(Crawled caption data)
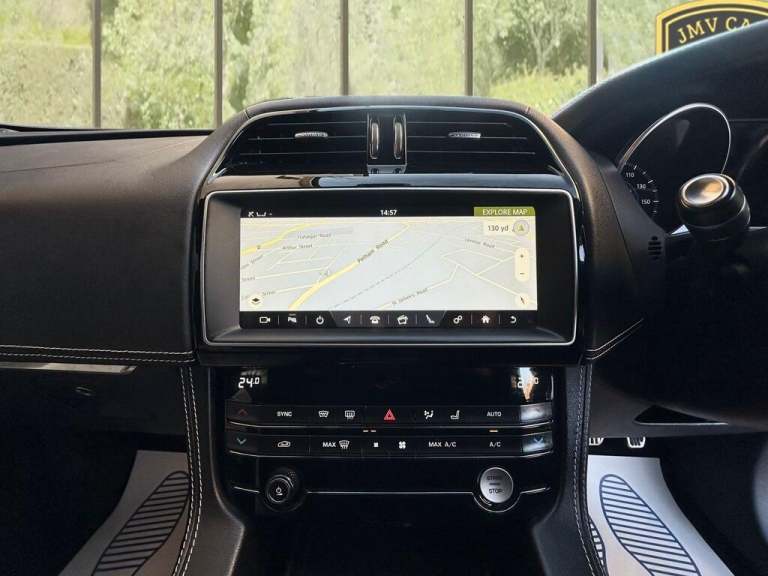 2018 Jaguar F-Pace 2.0d R-Sport 5dr Auto AWD ESTATE DIESEL Automatic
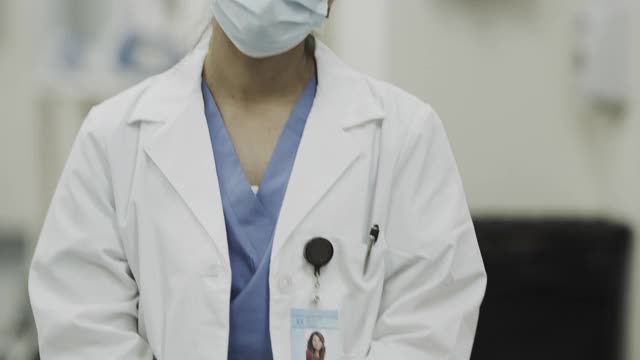 美国犹他州盐湖城的医生戴着外科口罩视频下载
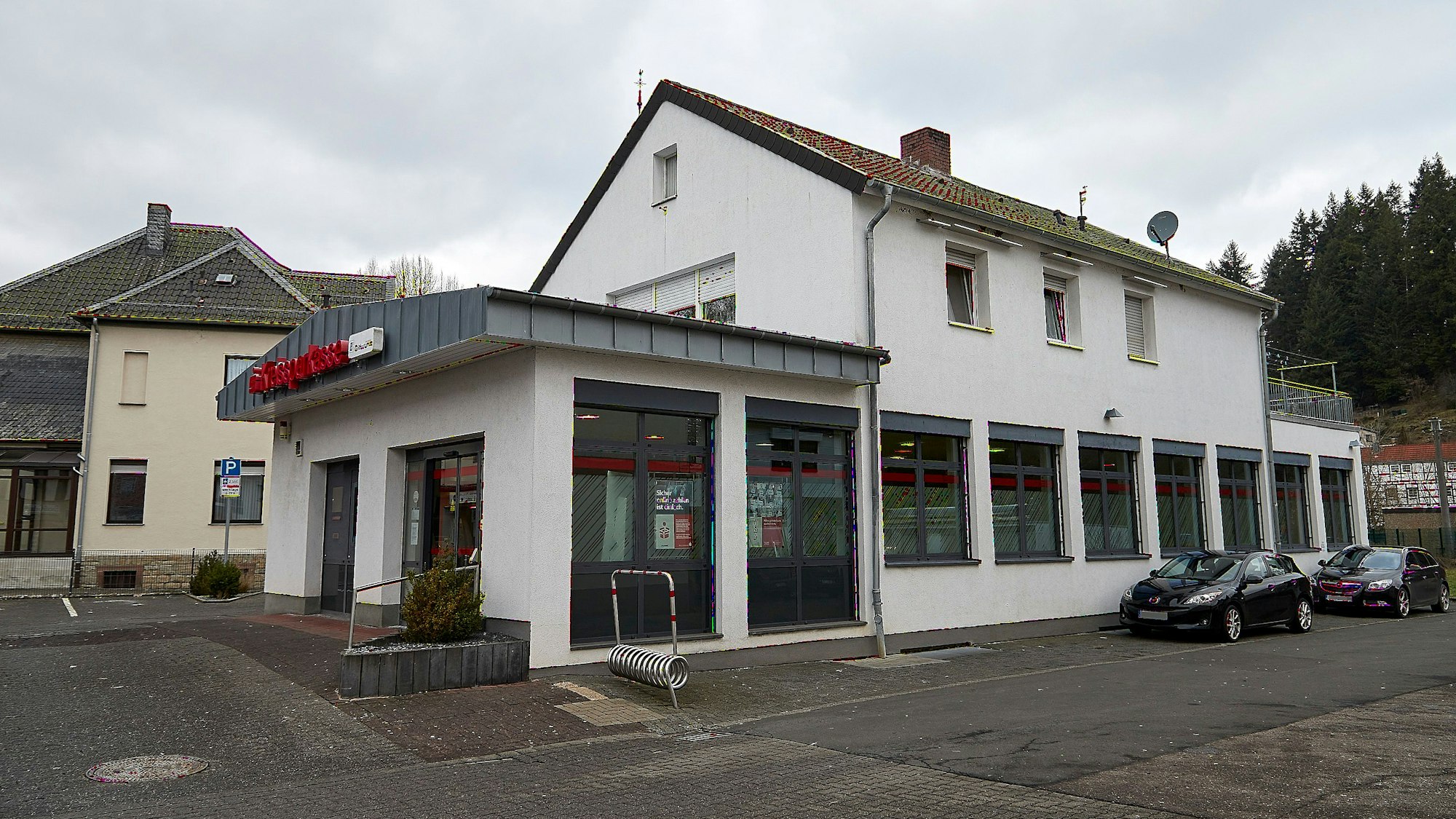 Das Foto zeigt das Gebäude der Hellenthaler Kreissparkassen-Filiale mit dem vorne angebauten Servicecenter.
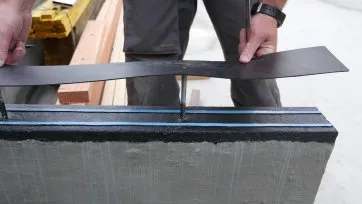 Pose des bandes bitumeuses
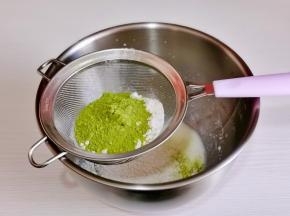 筛入低筋面粉、抹茶粉翻拌至无干粉。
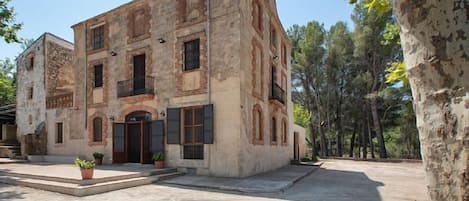 Fachada El Gatellar de Mas de Serra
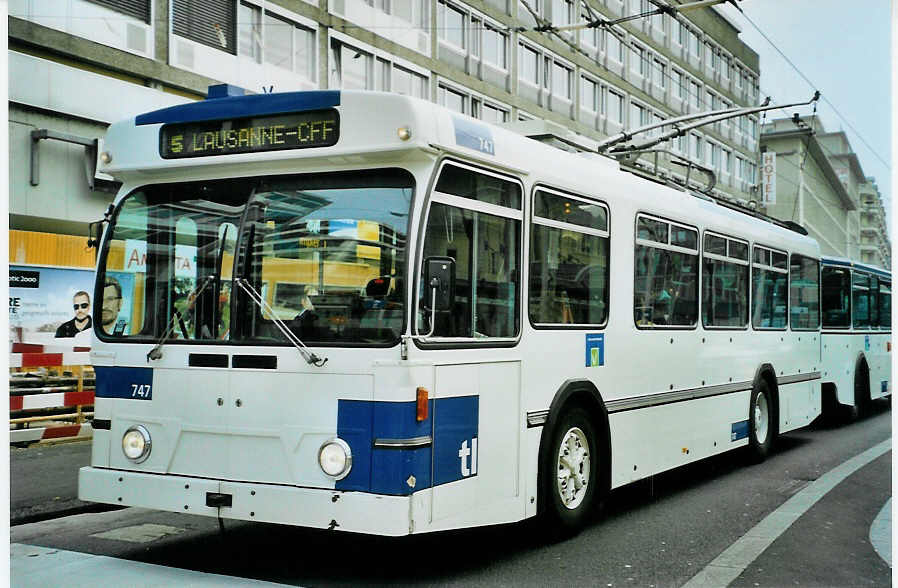 (092'600) - TL Lausanne - Nr. 747 - FBW/Hess Trolleybus am 17. Mrz 2007 beim Bahnhof Lausanne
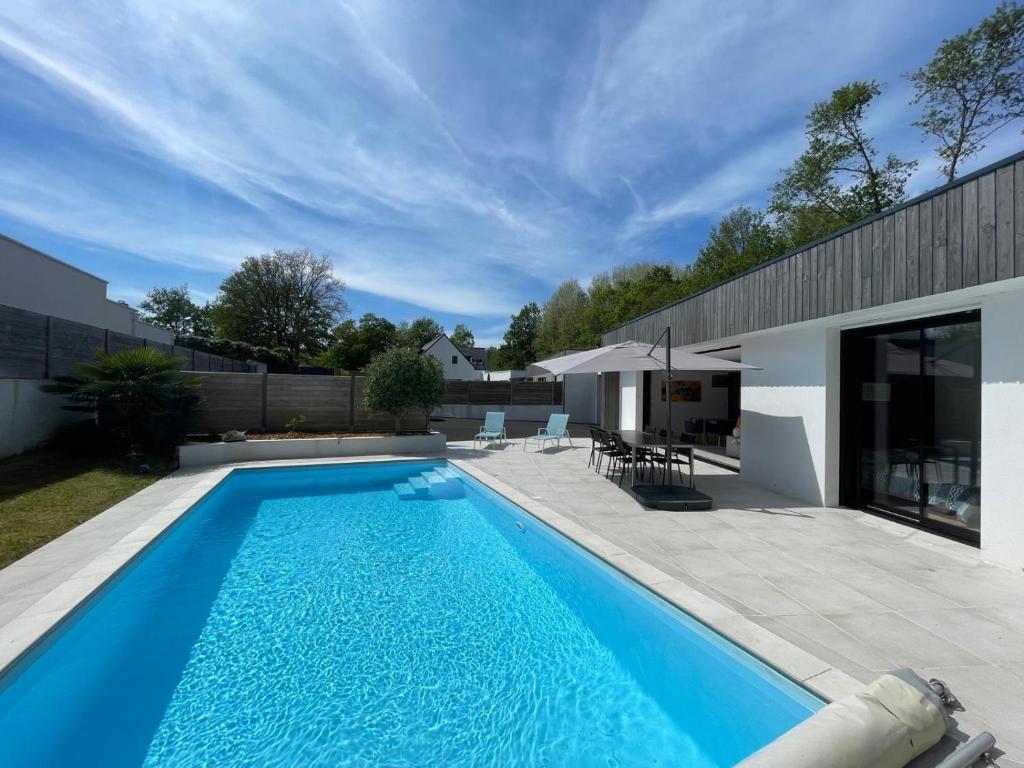 - une piscine dans l'arrière-cour d'une maison dans l'établissement Villa Gavrinis, à Ploemel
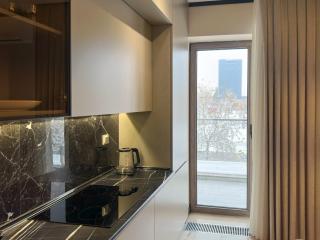 9 Star Apartments - 3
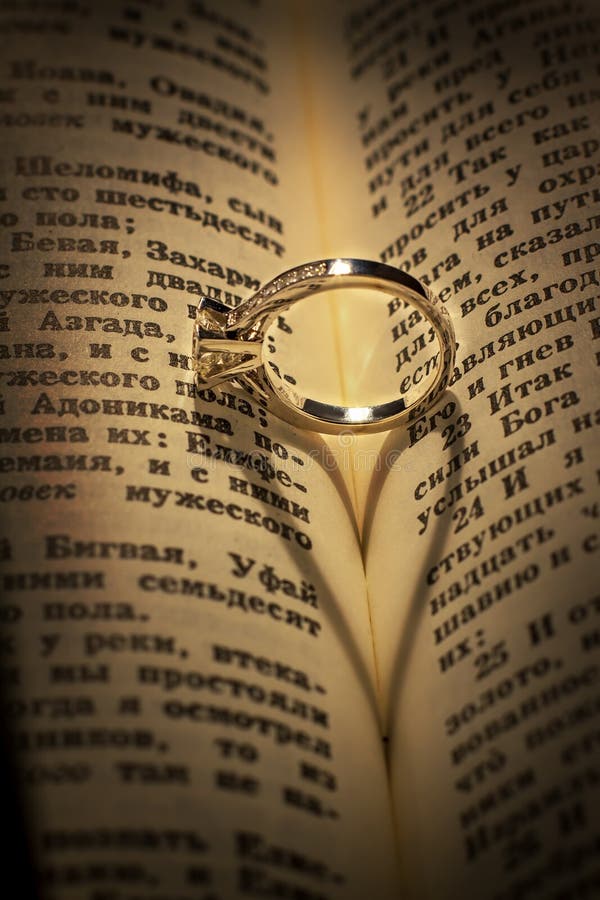 Guld- vigselring på en bibel arkivbilder Guld- vigselring på en bibel arkivbilder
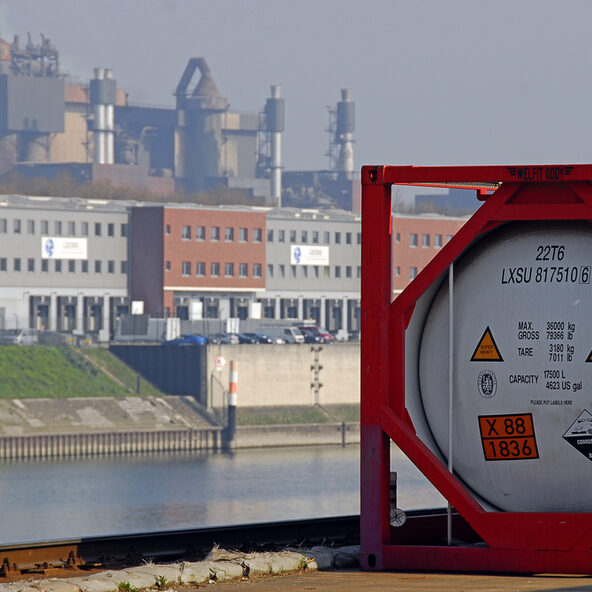Industrie in Duisburg ist geprägt von Schwerindustrie und Logistik - hier Mittal Steel im Hintergrund davor der Freihafen und ganz vorne ein Gascontainer im auf dem Umschlagplatz der DeCeTe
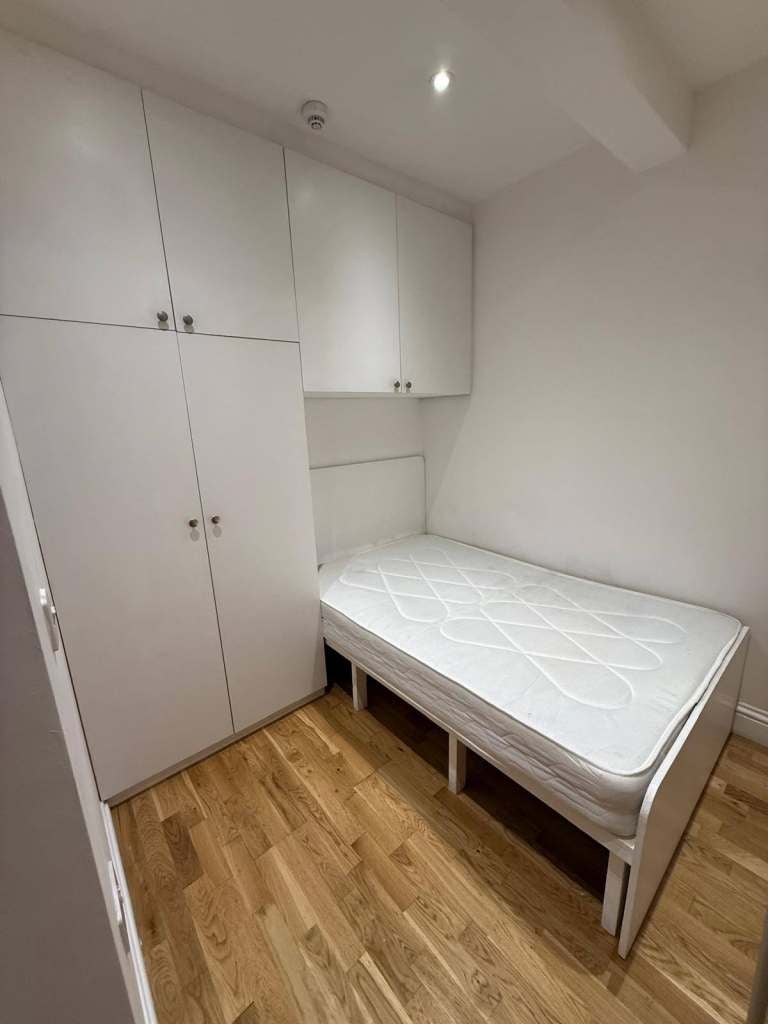 Room Holland Road in Greater London
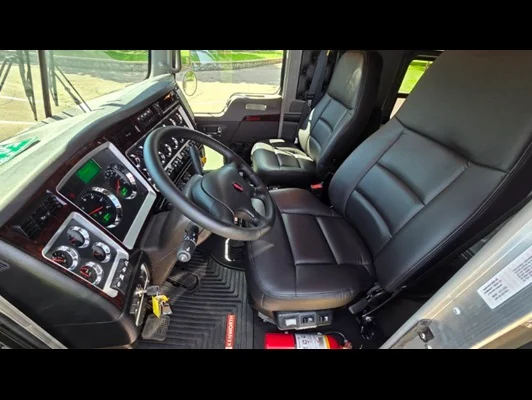 2027 Kenworth W900 in Pueblo, CO — photo 15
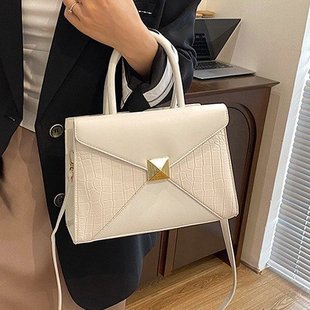 Easiest for Match Internet Celebrity Shoulder Crossbody Bag 2024Women Handbags Personalized Women's Bag Large Capacity Wholesale Small Square Bag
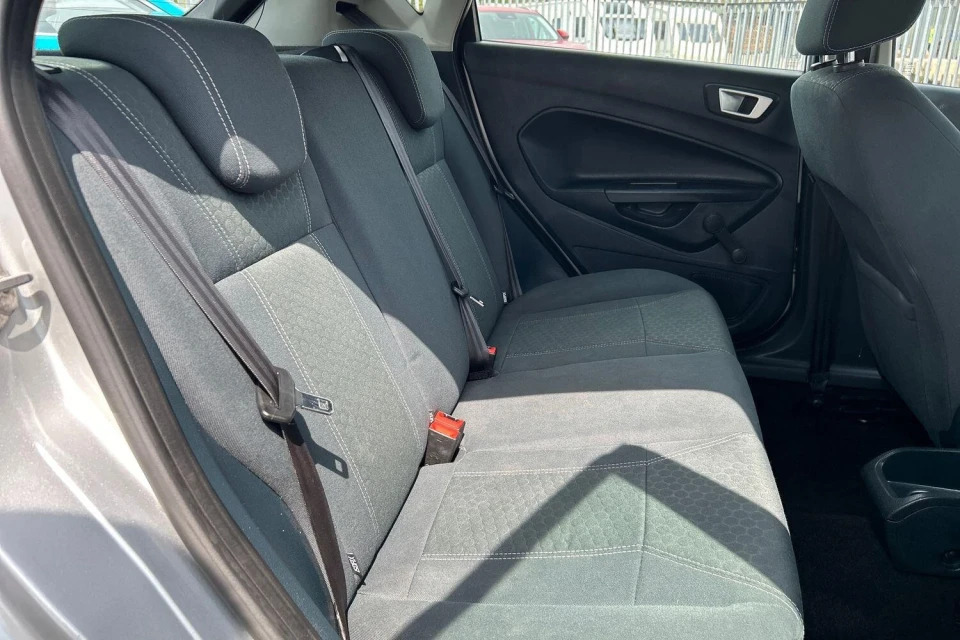 Ford Fiesta Zetec 1.2 White #12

- _Problem statement_: Could you please write out exactly the lines from the start of the entries above through the line that holds "2027 Kenworth W900 in Pueblo, CO — photo 15", both included, with no pictures?

- _Written solution_:
 2018 Jaguar F-Pace 2.0d R-Sport 5dr Auto AWD ESTATE DIESEL Automatic
 美国犹他州盐湖城的医生戴着外科口罩视频下载
 Das Foto zeigt das Gebäude der Hellenthaler Kreissparkassen-Filiale mit dem vorne angebauten Servicecenter.
 Pose des bandes bitumeuses
 筛入低筋面粉、抹茶粉翻拌至无干粉。
 Fachada El Gatellar de Mas de Serra
 (092'600) - TL Lausanne - Nr. 747 - FBW/Hess Trolleybus am 17. Mrz 2007 beim Bahnhof Lausanne
 - une piscine dans l'arrière-cour d'une maison dans l'établissement Villa Gavrinis, à Ploemel
 9 Star Apartments - 3
 Guld- vigselring på en bibel arkivbilder Guld- vigselring på en bibel arkivbilder
Industrie in Duisburg ist geprägt von Schwerindustrie und Logistik - hier Mittal Steel im Hintergrund davor der Freihafen und ganz vorne ein Gascontainer im auf dem Umschlagplatz der DeCeTe
 Room Holland Road in Greater London
 2027 Kenworth W900 in Pueblo, CO — photo 15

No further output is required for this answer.